What you are asked to do: Copy every entry exactly as it stands, though any image it holds should stay out of the copy.

[Opening Task inputs section]

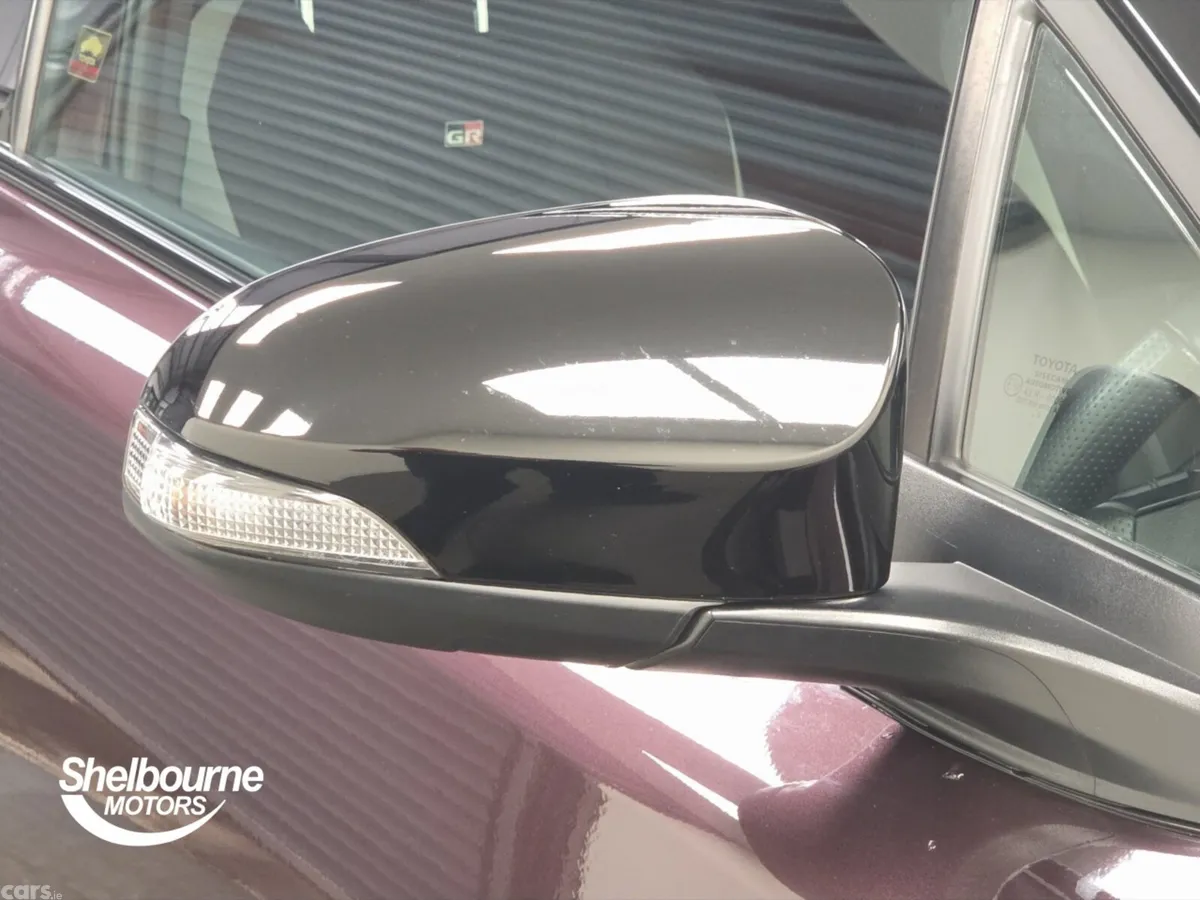 Toyota C-HR Hatchback, Petrol Hybrid, 2023, Purple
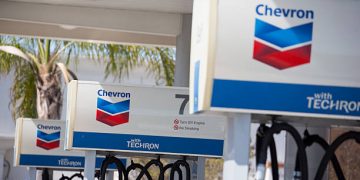 Chevron Commits $75B For Share Buybacks As Cash Reserves Increase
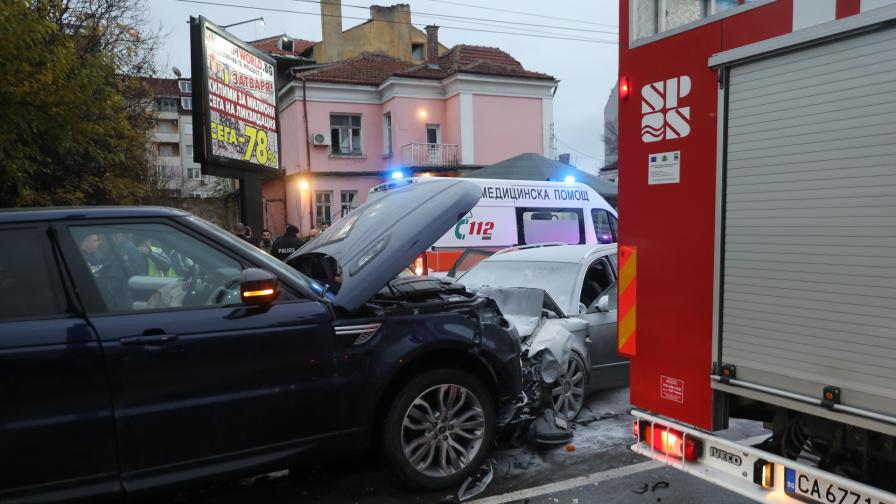 Тежка катастрофа след гонка с полицията в София (СНИМКИ)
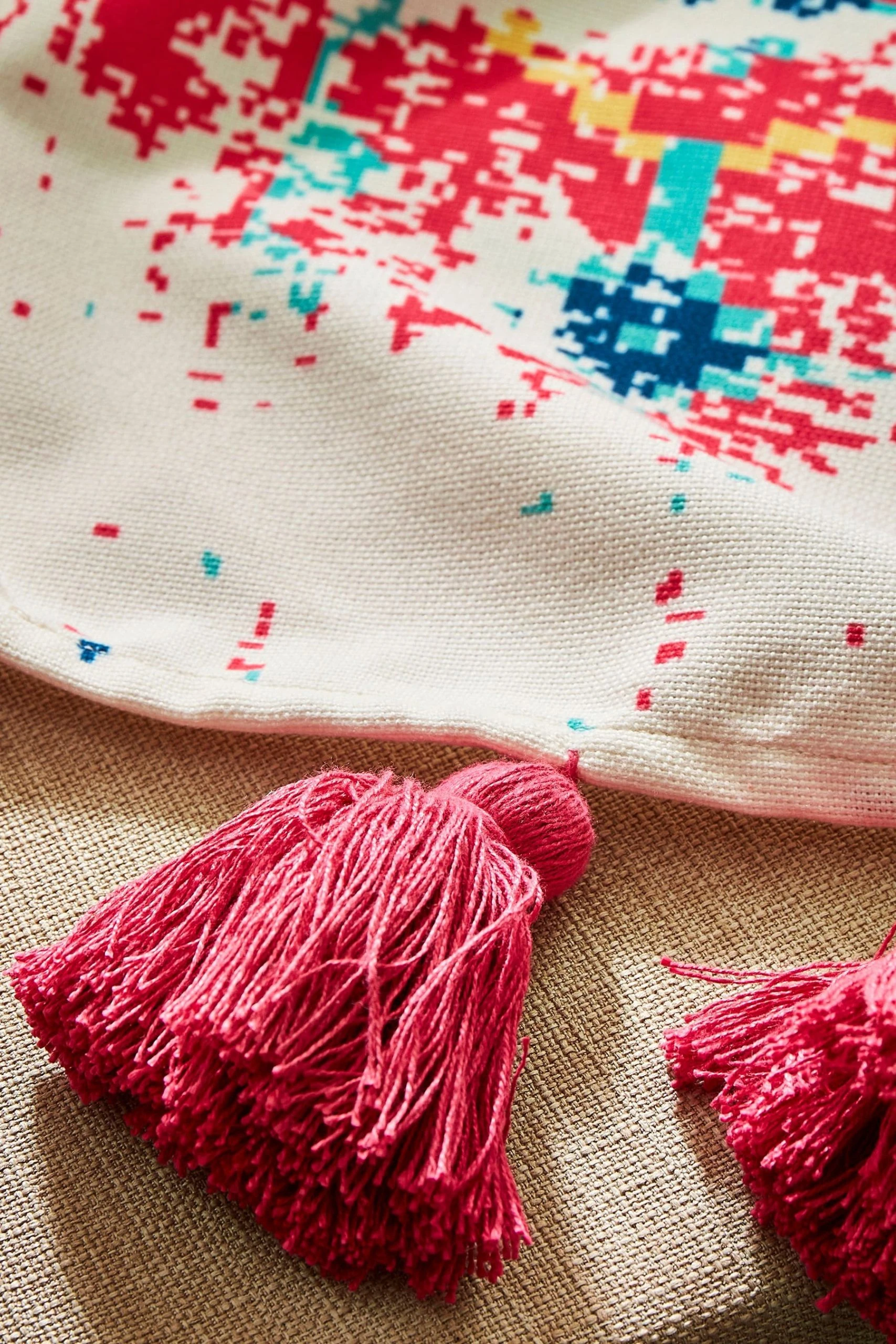 Joe Browns Boho Outdoor Tassel Trim Throw 5 Joe Browns Boho Outdoor Tassel Trim Throw - Image 3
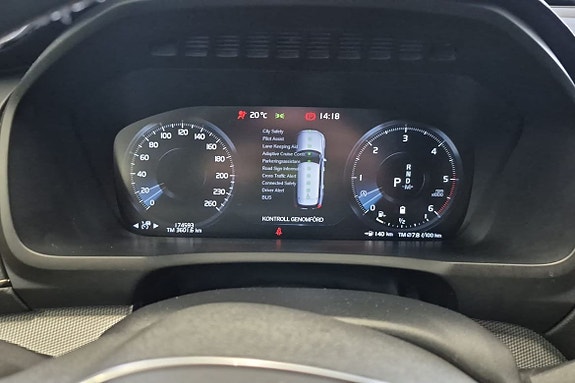 Volvo XC90 16 of 23
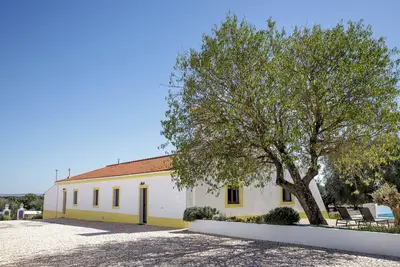 Image de Charming 2-bedroom lovely farmhouse with WiFi and Ac in Borba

[Closing Task inputs section]

Task response:
 Toyota C-HR Hatchback, Petrol Hybrid, 2023, Purple
 Chevron Commits $75B For Share Buybacks As Cash Reserves Increase
 Тежка катастрофа след гонка с полицията в София (СНИМКИ)
 Joe Browns Boho Outdoor Tassel Trim Throw 5 Joe Browns Boho Outdoor Tassel Trim Throw - Image 3
 Volvo XC90 16 of 23
 Image de Charming 2-bedroom lovely farmhouse with WiFi and Ac in Borba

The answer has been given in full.